Goa style kofta curry
"This dish was created when I first experimented with Indian cooking 30 years ago. Goa is predominantly Christian so pork is used in cooking unlike much of the rest of the subcontinent. My dad was born in India & I was fortunate to be brought up enjoying the flavours of ‘incredible India’."
- 750 g minced lean pork
- 1½ cup of soft fresh breadcrumbs
- ½ cup of milk
- 2 good size onions, finely chopped
- 400 grams of kumara, peeled and cut into 2cm cubes
- Curry paste:
- 5 cloves of garlic
- 3cm fresh ginger
- Cayenne pepper to taste
- ¼ teaspoon ground black pepper
- 1 tsp ground coriander
- 1 tsp ground cumin
- 1 tsp ground cinnamon
- ¼ tsp ground cloves
- 2 teaspoons ground turmeric
- 1 can of peeled tomatoes in juice
- 1 can of coconut cream
- 1 cup of water
- Juice of half a lemon
- Sesame oil for frying
- Mix the pork, breadcrumbs and milk in a large bowl.
- Shape the meat mixture into balls (makes about 20 depending on their size).
- Put a teaspoon of sesame oil in a nonstick pan on high heat.
- Briefly brown the meatballs on all sides, remove from heat and set aside.
- Drain excess fat/cooking liquid from the pan, if necessary, and fry the chopped onions until caramelized but not burnt. Set aside with the meatballs.
- Make the paste in a mortar and pestle and then briefly fry in 1 teaspoon of sesame oil over high heat, until the mixture darkens in colour and releases a pungent, spicy aroma about two minutes.
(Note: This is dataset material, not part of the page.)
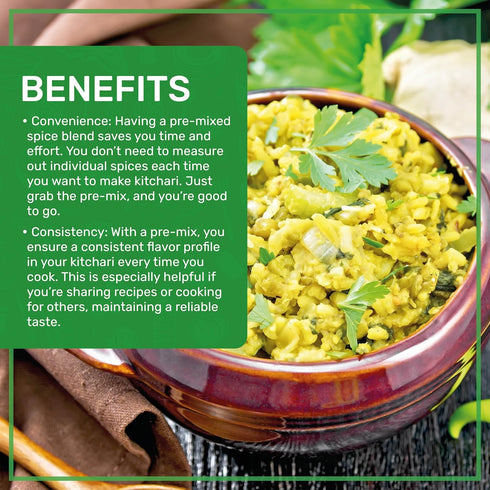 Jiva Organic Kitchari Spice Mix 7 Ounce - Made with Organic Spices & Herbs – Ayurvedic Kitchari Seasoning – For Ayurvedic Cleanses – Non GMO Susta...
- Add one cup of water and reduce the liquid by around half through boiling off, continuing to stir, for about 3 minutes. Add the meatballs and onions coating thoroughly with the curry sauce.
- Return to stove and add the cubed kumara, tomatoes and coconut cream & lemon juice. Lower heat and salt to taste.
- Simmer for about 90 minutes until meatballs are cooked through and kumara is soft.
- Serve with boiled white rice, naan bread, poppadum, and condiments i.e. lime and mango pickle.
- It is possible to 'cheat' with this recipe and buy a prepared curry paste to use instead of making your own. This will save time in preparation. Nevertheless, it is my experience when doing this that it is worth adding additional garlic and fresh ginger, as well extra cayenne, to make the dish spicier and taste more authentic.